I didn’t know how to style it with gel or wax; I figured I should cut it short once we were back in Seoul. I was just undoing the knot of my robe to change when the doorbell rang. It seemed my sister had finished getting ready a bit early and come up first. Tightening the belt again and retying the knot, I headed to the door.
"Who is it?"
"......Is Lau Weikun here?"
"......"
After a brief pause, the voice outside wasn’t my sister’s.
Through the fisheye lens I saw a man hovering in the hall. He didn’t look like hotel staff, but since he’d come asking for him by name, I couldn’t pretend not to hear.
As soon as I pulled the left door chain inward and opened up, I recognized the visitor at a glance. He was the man who had stood a long time in front of Alienation at the gallery that morning.
The odd coincidence made my eyes widen on their own, but he didn’t seem to recognize me at all. He looked impatient, knitting his brows as he stared straight at my face.
"Are you Korean by any chance?"
When I said yes, his doubtful gaze swept once over me in a shower robe. The man didn’t bother to hide that he intended to figure out exactly who I was.
"Where’s the person staying in this room? Is it okay for you to open the door like that? He’s going to be really mad."
He spoke like he knew him better than the guy who’d opened the door from inside—me.
"He’s... in the shower."
At my answer, the man clicked his tongue and shrugged as if incredulous. From his mutter about how bold we were in broad daylight, he probably imagined he and I had been tangled up in sex until just now. And he seemed to have concluded I was a sex partner brought here by him.
"I’ll just go in and wait. That’s fine, right?"
It sounded like he was asking permission, but without waiting for an answer he stepped over the threshold. Yet, as he himself had said, I had no right to let just anyone in. I eased into his path and gave him a troubled look.
"If you tell me who you are, I can let him know..."
His mouth twisted as he glanced at me sidelong. He looked like he had no intention of hiding or softening any of his feelings toward me.
"Is Baek Yuni already here?"
It was his voice.
He pulled the towel off his head and, looking from the master bedroom into the entry hall, walked slowly toward the door. From his emptied expression and his eyes alone, it was hard to read what he felt seeing the man.
"What is this."
At his openly hostile reaction, the man shook his head and laughed.

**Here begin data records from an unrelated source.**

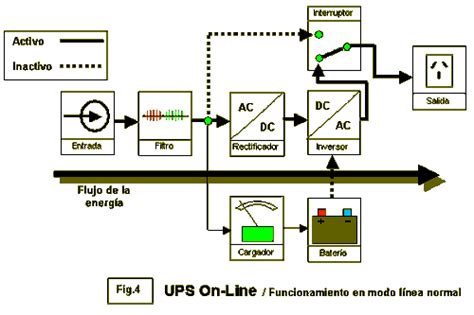 Ups Off Line Ups On Line Configuraciones De Ups Electrónica Unicrom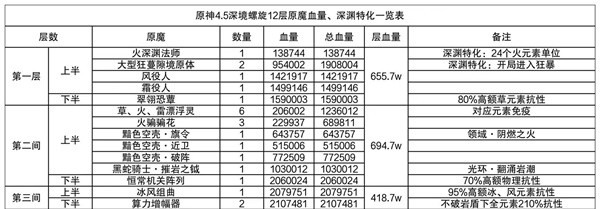 原神4.5深渊12层满星攻略原神4.5深渊团队推荐-第3张图片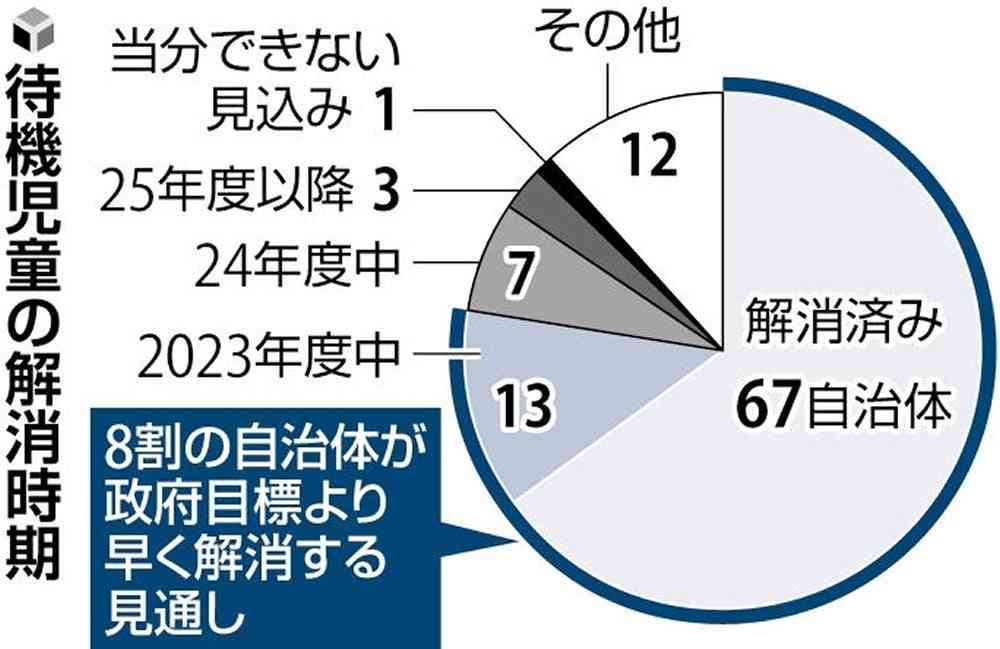 保育施設の4割が定員割れ、少子化や需要偏り要因…103自治体調査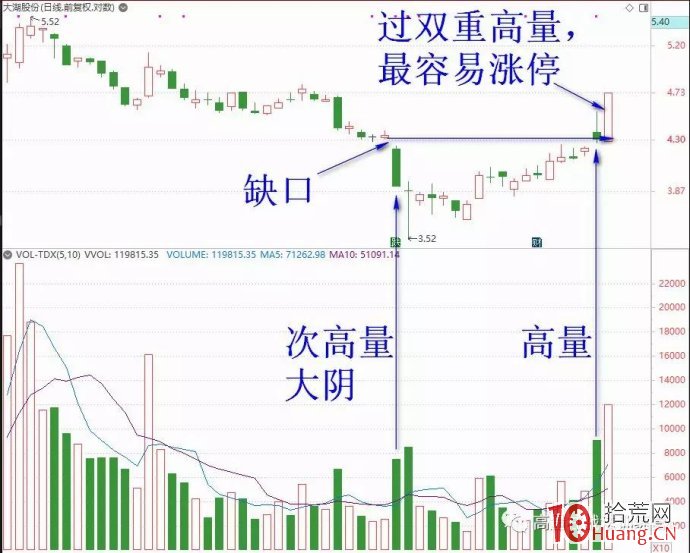 高量陰，這樣的位置才是最好（圖解）,拾荒網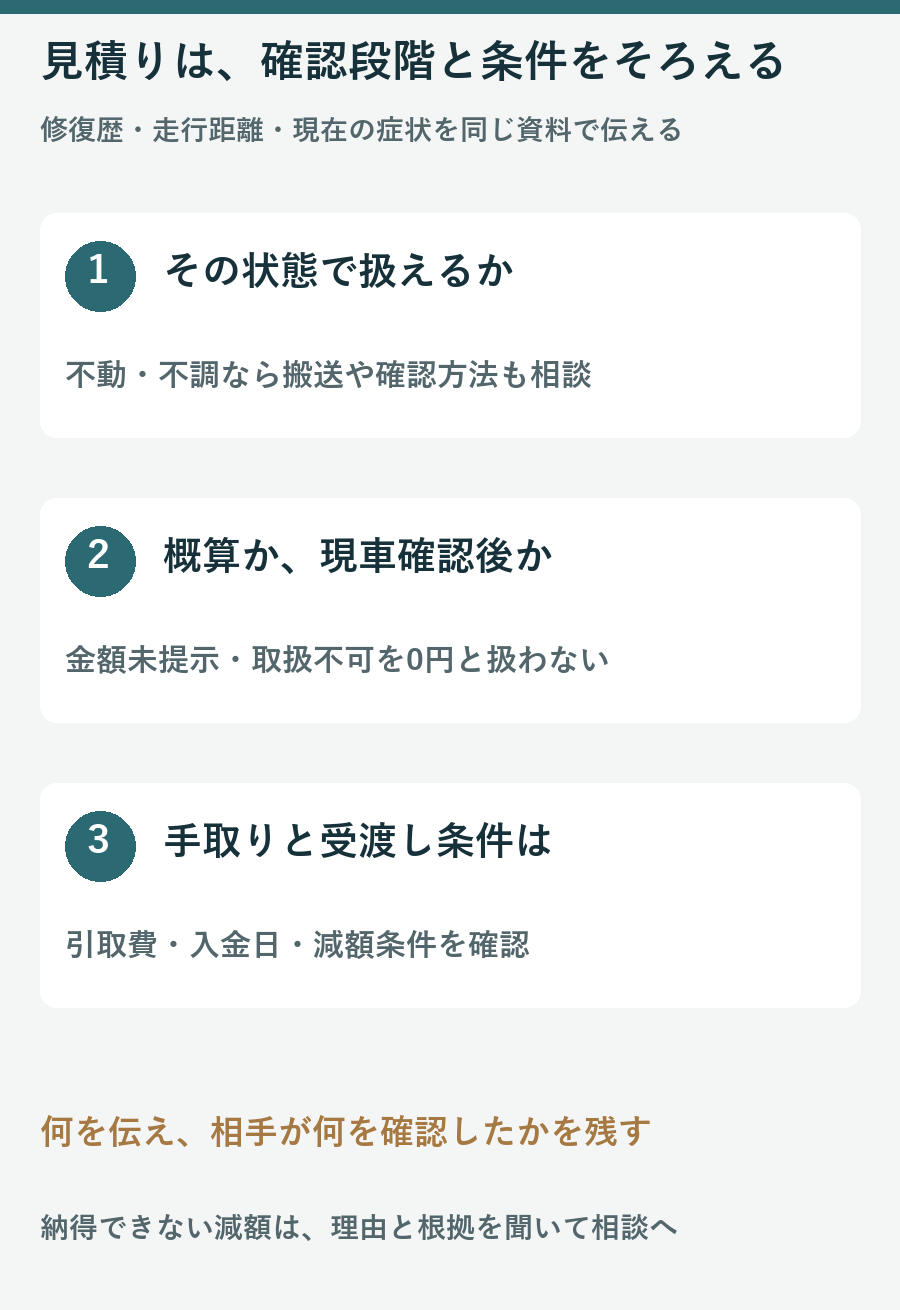 修復歴や不具合のある車について取扱可否と見積りの段階と手取り条件を順に確認する図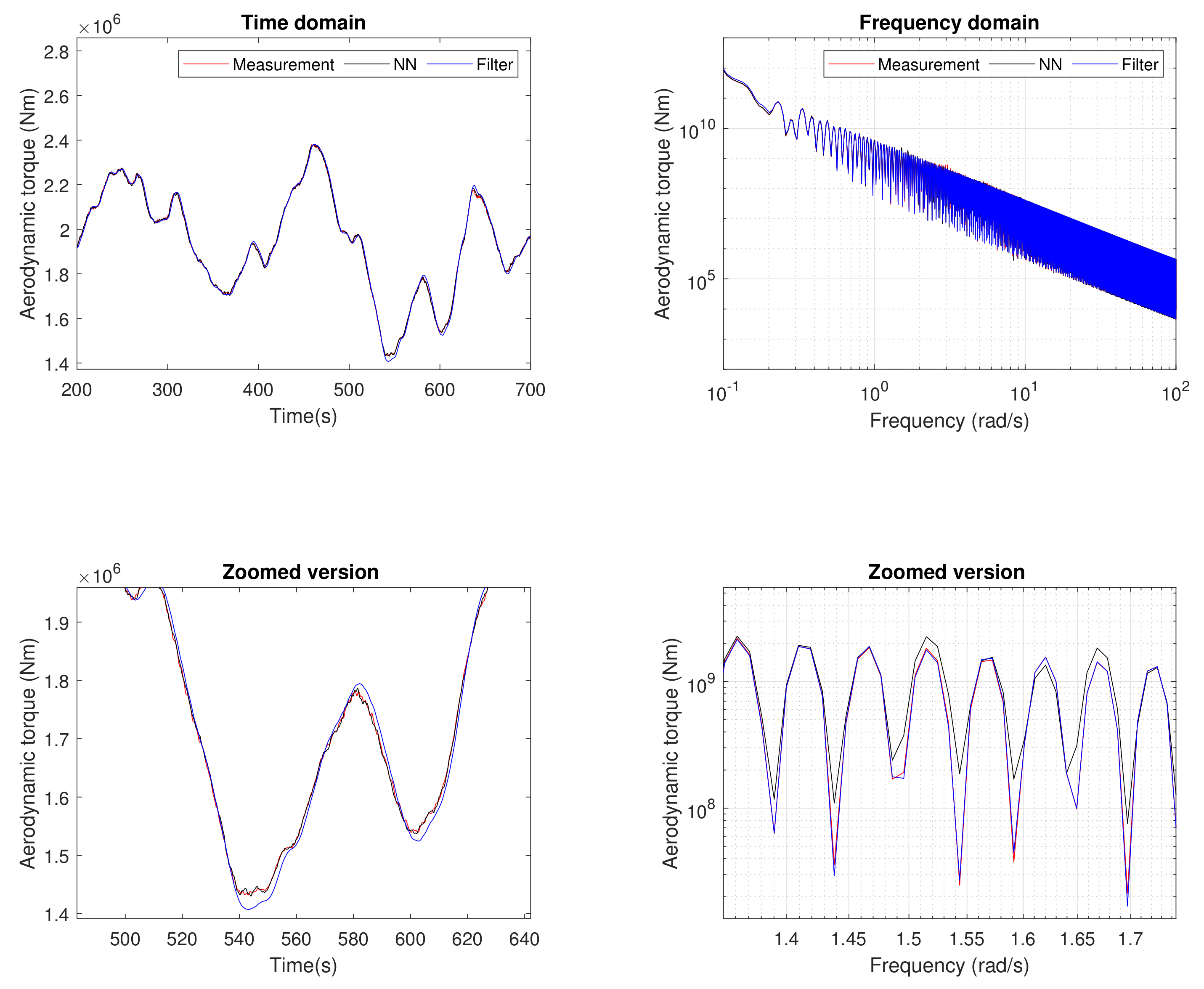 Applsci 11 05661 g006 Applsci 11 05661 g006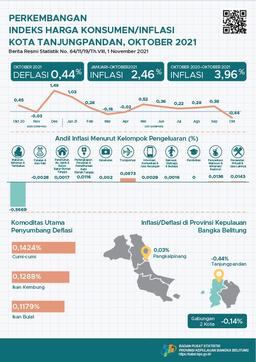 Oktober 2021 Kota Tanjungpandan Deflasi Sebesar 0,44 Persen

"That’s what you say after years apart?"
"I asked what this is."
Barefoot, he walked to the entryway and drew me behind him by the arm. Judging by the way he pressed forward, crowding the other man, this was not a welcome guest.
The man flicked his gaze between him and me—both in shower robes—and then, as if none of that mattered, looked straight at him and spoke.
"I came because I have something to say."
"Do we have the kind of relationship where you can show up like this, say you have something to say, and I’m supposed to carve out my precious time to listen?"
"Shushu’s work is selling well. It’s opening day and most of it already had sold-out tags. You’re staying at the same hotel, right?"
"So what. Are you here to threaten me or something?"
The man snorted and let his eyes drop at an angle. Then he tapped the tile of the hall with his long umbrella in its plastic sleeve.
"You’re really something, you know that? I was honestly shocked. You tracked down the artist of Alienation after all?"
"......"
He sounded like someone poking around everywhere to find whatever weakness the other might have. Yet for someone aiming at another’s weak point, he himself looked cornered.
Unsure how to handle this, he stared at the man with a complicated expression. Then he glanced back to his left where I stood and made up his mind.